Ma Xiuyu, Korthauer Keegan, Kendziorski Christina, Newton Michael A
Department of Statistics, University of Wisconsin-Madison.
Department of Statistics, University of British Columbia.
Ann Appl Stat. 2021 Jun;15(2):880-901. doi: 10.1214/20-aoas1423. Epub 2021 Jul 12.
On the problem of scoring genes for evidence of changes in the distribution of single-cell expression, we introduce an empirical Bayesian mixture approach and evaluate its operating characteristics in a range of numerical experiments. The proposed approach leverages cell-subtype structure revealed in cluster analysis in order to boost gene-level information on expression changes. Cell clustering informs gene-level analysis through a specially-constructed prior distribution over pairs of multinomial probability vectors; this prior meshes with available model-based tools that score patterns of differential expression over multiple subtypes.

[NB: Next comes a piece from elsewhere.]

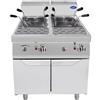 CUOCIPASTA A GAS 2 VASCHE 24+24 L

We derive an explicit formula for the posterior probability that a gene has the same distribution in two cellular conditions, allowing for a gene-specific mixture over subtypes in each condition. Advantage is gained by the compositional structure of the model not only in which a host of gene-specific mixture components are allowed but also in which the mixing proportions are constrained at the whole cell level. This structure leads to a novel form of information sharing through which the cell-clustering results support gene-level scoring of differential distribution. The result, according to our numerical experiments, is improved sensitivity compared to several standard approaches for detecting distributional expression changes.
关于单细胞表达分布变化证据的基因评分问题,我们引入了一种经验贝叶斯混合方法,并在一系列数值实验中评估了其操作特性。所提出的方法利用聚类分析中揭示的细胞亚型结构,以增强关于表达变化的基因水平信息。细胞聚类通过对多项概率向量对的特殊构造先验分布为基因水平分析提供信息;该先验与可用的基于模型的工具相结合,这些工具对多个亚型上的差异表达模式进行评分。我们推导了一个明确的公式,用于计算基因在两种细胞条件下具有相同分布的后验概率,允许在每种条件下对亚型进行基因特异性混合。该模型的组成结构不仅在允许大量基因特异性混合成分方面,而且在整个细胞水平上对混合比例进行约束方面都具有优势。这种结构导致了一种新颖的信息共享形式,通过这种形式,细胞聚类结果支持差异分布的基因水平评分。根据我们的数值实验,与几种检测分布表达变化的标准方法相比,结果的敏感性得到了提高。